NAUGATUCK — Bob Voets never pictured himself working at a bank. So when Voets received a call in 2008 from Tom Nash — then-president of the state chapter of the International Association of Financial Crimes Investigators — asking him to succeed Nash as Naugatuck Savings Bank’s assistant vice president for financial crimes and director of corporate security, Voets’ reaction was succinct.
“You’re nuts,” he replied.
Voets was a 27-year veteran of the West Haven police force at the time, nearing the end of a long and distinguished career. He was, however, also an IAFCI member who had earned considerable renown. Voets was a co-founder of the West Haven Police Department’s Computer and Technology Forensic Crimes Unit and Fraud Division, and a widely recognized expert on cyber crime and security.
In 2007, Voets was designated the national runner-up for the IAFCI’s Investigator of the Year award after he conducted the country’s first federal investigation of “phishing,” a form of financial crime that involves fraudulently obtaining personal information through deceptive emails that link to fake commercial websites.
Voets also led training seminars for law enforcement members and bank security officers on cyber crime, was a published author in the field, and started a financial crimes working group.
His qualifications for the position were indisputable, yet Voets was still disinclined to accept the offer. Law enforcement was his life and all he had ever known.
Ultimately, though, he changed his mind and took the job. “My wife convinced me,” Voets admitted.
Naugatuck Savings bank is glad she did.
Charles Boulier III, the bank’s president and chief executive officer, called Voets an “industry resource” and a “tremendous asset.”
Voets said his job consists of maintaining the bank’s physical security, its “alarms and cameras;” investigating all financial attacks against the bank; serving as the liaison between the bank and law enforcement; and assisting bank customers if they become victims of fraud or identity theft.
In 2012, the bank began to receive a series fraud and identity theft complaints. According to Voets, any customers who were affected financially were reimbursed by the bank. He declined to say how much the bank reimbursed customers.
Voets, acting in his capacities as liaison to law enforcement and the bank’s financial crimes investigator, reported the incidents to the state’s Financial Crimes Task Force and took a leading role in the subsequent investigation.
Working with other investigators, Voets identified businesses in Cheshire and Seymour that were being compromised through their Point of Sale software, programs that allow companies to conduct business via credit or debit cards.
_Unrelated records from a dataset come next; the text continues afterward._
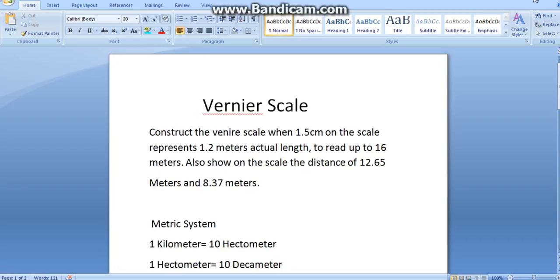Hey everyone, in this video we are going to learn about Vernier scale.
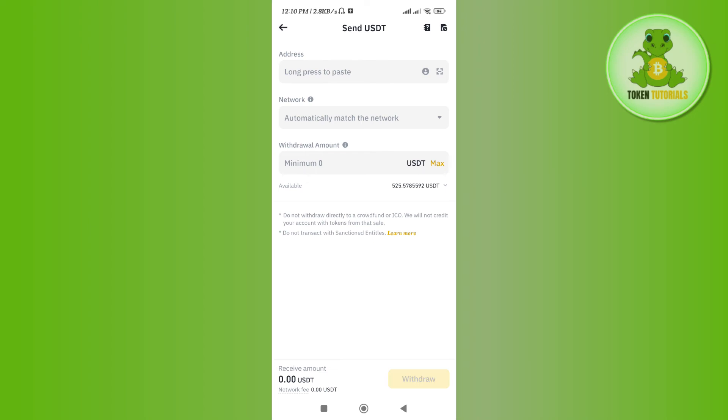This way you will be able to transfer USDT from Binance to Stake, and you can use this USDT to join the pools and games on Stake. I hope this video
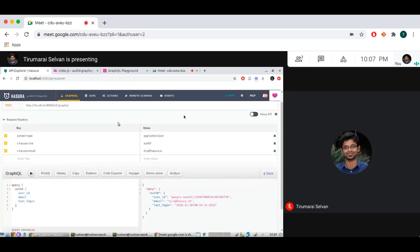That's basically what remote schema permissions allows you to do — add lots of remote schemas and then do role-based schema access on them. So that was the demo.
The intrusions in Seymour were connected to a joint investigation of a large-scale cyber crime operation between the Connecticut Financial Crimes Task Force and the U.S Department of Justice.
Voets, along with law enforcement and information technology personnel, performed wi-fi scans in both towns to identify the breaches and remove malware being used to defraud consumers, businesses and financial institutions. Going above and beyond what had been asked of him, Voets then spent extensive time with the owners of the victimized businesses, educating them about network security and putting in place new systems to protect themselves and their customers from loss.
Voets estimated he spent 60 hours on the Cheshire and Seymour cases. He said he performed most of the investigative work at night, though he insisted he was “still on company time” since he is a salaried employee.
He would not identify the companies he helped, but explained the circumstances that sometimes make local businesses a target for financial crimes.
“A lot of small, mom- and-pop businesses either don’t have the resources for network security, or they don’t read the manual, and they take the software right out of the box, install it, and start taking payments on it,” he said.
Voets said that if these businesses then use the same computer for email or general Internet use, “all kinds of things can happen.”
If the computer is hacked, the hacker can access all information from the cards it processes, he said.
“Everything is written on that magnetic stripe,” Voets said. “And every time someone swipes their card, it goes to the credit card processor, and the bad guy gets it, too.”
To stop intrusions, Voets said, the first step is to locate open wi-fi networks. Once these “back doors” are found, the next step is to close the breach, he said.
Ultimately, Voets said, the key to protecting small businesses from cyber attacks is to make them compliant with Payment Card Industry standards, which govern all businesses that accept payment by credit and debit card.
The perpetrators of the cyberattacks against the Cheshire and Seymour-based businesses were never caught, but Voets said that isn’t unusual. Cyber criminals are often difficult to track, he said.
“On the Internet, you can be anyone you want. You can spoof your identity and your IP address,” the series of numbers assigned to each device that can access the Internet, Voets said.
The Connecticut chapter of the IAFCI named Voets its 2013 Investigator of the Year for his work in the Cheshire and Seymour cases. He also was nominated for the award again at the national level.
Mark Solomon, current president of IAFCI’s Connecticut division, said the award “annually recognizes excellence in combating cyber crime and prevention of further losses,” and he hailed Voets for his “passion in reducing criminal activity in Connecticut.”
Voets said he was surprised to receive the award, but “deeply honored to be recognized by my peers.”